Work instruction:
Output the full listing below exactly as it reads, and skip anything that is a picture.

Recorded information section start

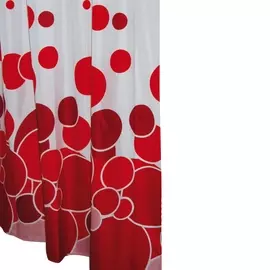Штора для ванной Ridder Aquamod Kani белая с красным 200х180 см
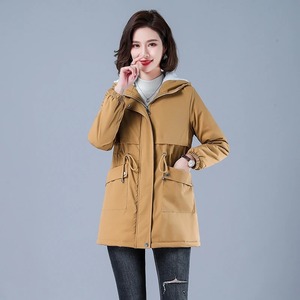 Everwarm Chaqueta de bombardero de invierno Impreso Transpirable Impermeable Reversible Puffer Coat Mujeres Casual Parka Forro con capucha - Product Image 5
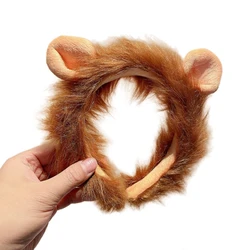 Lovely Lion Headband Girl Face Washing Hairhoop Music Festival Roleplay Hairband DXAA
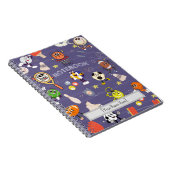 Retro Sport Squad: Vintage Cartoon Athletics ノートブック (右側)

Recorded information section end

Exercise solution:
Штора для ванной Ridder Aquamod Kani белая с красным 200х180 см
 Everwarm Chaqueta de bombardero de invierno Impreso Transpirable Impermeable Reversible Puffer Coat Mujeres Casual Parka Forro con capucha - Product Image 5
 Lovely Lion Headband Girl Face Washing Hairhoop Music Festival Roleplay Hairband DXAA
 Retro Sport Squad: Vintage Cartoon Athletics ノートブック (右側)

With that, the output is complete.